There is no worry in the peso value despite its nearly 11-year low close to a greenback last Thursday when it finished at 50.67 per $1 from 50.60 a day ago and already near its 50.73 record close on Sept.1, 2006, Bangko Sentral ng Pilipinas (BSP) Governor Nestor Espenilla Jr. said.
Espenilla said “the latest peso movements broadly reflect prevailing market conditions and underlying economic fundamentals” and is “in line with BSP exchange rate policy.” “BSP is, nevertheless, actively managing excessive volatility.
This is business as usual,” he said. He traced the peso’s weakness to the normalization of US interest rates.
”There is also growing policy convergence with Europe and even Japan,” he added.
The Fed has increased its key rates by a total of 100 basis points since December 2015, after keeping rates between zero to 0.25 percent starting December 2008.
Its Federal Open Market Committee (FOMC) hiked key rates by 25 basis points each in December 2015, December 2016, and March and June 2017 on continued improvement of the world’s largest economy.
Federal Reserves Chair Janet Yellen, after the Committee’s meeting last June 13, also announced the possibility of scaling back the central bank’s balance sheet.
Based on the minutes of the Committee’s meeting last June, which was released Wednesday, FOMC members are united in the proposal to reduce the Fed’s securities holdings and this, a trader said, further backed the US dollar against other currencies in Asia, among others.
The trader added that any cut in the Fed’s balance sheets is equivalent to a rate hike.
BMI Research adjusted its end-2017 forecast for the peso against the US dollar from 50 to a greenback to 50.50 but stressed that it remains positive on the local currency “in total return terms.”
In a research note, one of the units of Fitch Group said it continues to have “neutral view” on the local currency, which is seen to average at 50.75 to a dollar in 2018, a depreciation from its earlier forecast of 49.75.
“While we no longer forecast slight appreciation for the peso in spot terms over the coming quarters, we remain bullish on the currency in total return terms,” it said. The peso ended last week at 50.47 against the greenback, a tad better than its 50.53 finish last Thursday.
BMI noted that the local currency is one of the worst-performing Asian currency to date after breaking the 50-level last June but pointed out that “it has still outperformed the dollar in total return terms” in line with the research firm’s projection.

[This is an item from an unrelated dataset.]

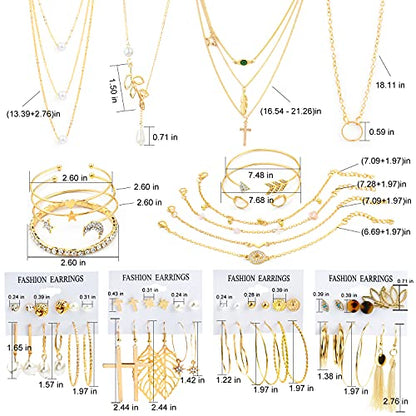 AROIC 38-52PCS Jewelry Set with Necklace Bracelet Layered Ball Dangle Hoop Stud Earrings for Women Jewelry Fashion and Valentine Birthday Party Gift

”While there is scope for further spot weakness over the coming months given rising real rates in developed markets, we do not expect this weakness to be excessive,” it said. Last June,, the Federal Reserve hiked its key rates by another 25 basis points to one to 1.25 percent.
It is the third increase after the same amount last December and March. Some analysts still consider another hike in the Fed rates this year given the hawkish statements from Fed officials. However, BMI said it is not among those that forecast another Fed rate increase this year.
It, on the other hand, projects the BSP to hike its policy rates by 50 basis points before the end of this year.
To date, the BSP’s overnight borrowing or reverse repurchase (RRP) rate is three percent, the overnight lending or repurchase (RP) rate is 3.5 percent and the rate of the special deposit account (SDA) is 2.5 percent.
BMI said the projected hike in the BSP rates “should see real interest rate spread move in favour of the PHP.”
“While we are revising our forecast for the peso to reach P50.50 per $1 at end-2017, up from 50 per $1 previously, we remain constructive on the unit in total return terms,” it said.
It said the balance of risks on the local unit “are more or less balanced” with manageable inflation, strong domestic output, steady remittance inflows and strong foreign direct investment inflows on one hand and the military conflict in Mindanao, President Duterte’s war on drugs, and political opposition in the legislative branch on the other.
Espenilla, meanwhile, said an adjustment in banks’ reserve requirement ratio (RRR) is still in the offing along with other monetary policy tools as part of the BSP’s mandate to ensure price stability and sound monetary policy.
Espenilla said the central bank has “a lot of available tools for the conduct of monetary policy.” One of these tools is the RRR, and a cut of which has been suggested for years now. He said adjustment of the RRR will be done “to an appropriate time frame.” Espenilla, however, said the chang es will “not going to happen immediately.”
”It has to be within a reasonable range because it is important. We have one of the highest in the world. It is an inefficiency to the financial system,” he said. To date, RRR for universal and commercial banks (U/KBs) is 20 percent.
The last time the BSP adjusted the RRR is in May 2014, when it was hiked by a total of 50 basis points, 25 basis points each in March and May, as growth of domestic liquidity grew stronger than in the past years at a level of more than 20 years.
Espenilla said monetary officials ”need to find a path to lower the RRR without compromising price stability.”
“We are having engaged discussions on that. I’d like to see that happen but it is a discussion in the MB (Monetary Board),” he added.